Dataplex is a data fabric that unifies distributed data and automates data management and governance for that data.
Dataplex lets you do the following:
- Build a domain-specific data mesh across data that's stored in multiple Google Cloud projects, without any data movement.
- Consistently govern and monitor data with a single set of permissions.
- Discover and curate metadata across various silos using catalog capabilities. For more information, see Data Catalog overview.
- Securely query metadata by using BigQuery and open source tools, such as SparkSQL, Presto, and HiveQL.
- Run data quality and data lifecycle management tasks, including serverless Spark tasks.
- Explore data using fully managed, serverless Spark environments with simple access to notebooks and SparkSQL queries.
Why use Dataplex?
Enterprises have data that's distributed across data lakes, data warehouses, and data marts. Using Dataplex, you can do the following:
- Discover data
- Curate data
- Unify data without any data movement
- Organize data based on your business needs
- Centrally manage, monitor, and govern data
Dataplex lets you standardize and unify metadata, security policies, governance, classification, and data lifecycle management across this distributed data.
How Dataplex works
Dataplex manages data in a way that doesn’t require data movement or duplication. As you identify new data sources, Dataplex harvests the metadata for both structured and unstructured data, using built-in data quality checks to enhance integrity.
Dataplex automatically registers all metadata in a unified metastore. You can access data and metadata using various services and tools including the following:
- Google Cloud services, such as BigQuery, Dataproc Metastore, Data Catalog.

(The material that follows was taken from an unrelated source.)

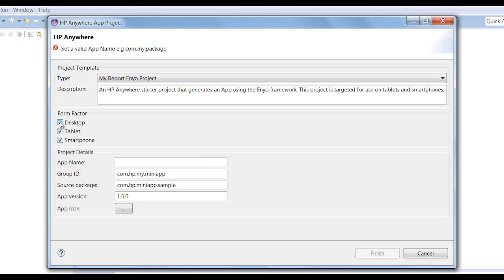There's no need to select all the options in advance. We can always add more form factors or types later on. We can add an app icon if we want.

- Open source tools, such as Apache Spark and Presto.
Dataplex abstracts away the underlying data storage systems, by using the following constructs:
Lake: A logical construct representing a data domain or business unit. For example, to organize data based on group usage, you can set up a lake for each department (for example, Retail, Sales, Finance).
Zone: A subdomain within a lake, which is useful to categorize data by the following:
- Stage: For example, landing, raw, curated data analytics, and curated data science.
- Usage: For example, data contract.
- Restrictions: For example, security controls and user access levels.
Zones are of two types: raw and curated.
Raw zone: Contains data that is in its raw format and not subject to strict type-checking.
Curated zone: Contains data that is cleaned, formatted, and ready for analytics. The data is columnar, Hive-partitioned, and stored in Parquet, Avro, Orc files, or BigQuery tables. Data undergoes type-checking- for example, to prohibit the use of CSV files because they don't perform as well for SQL access.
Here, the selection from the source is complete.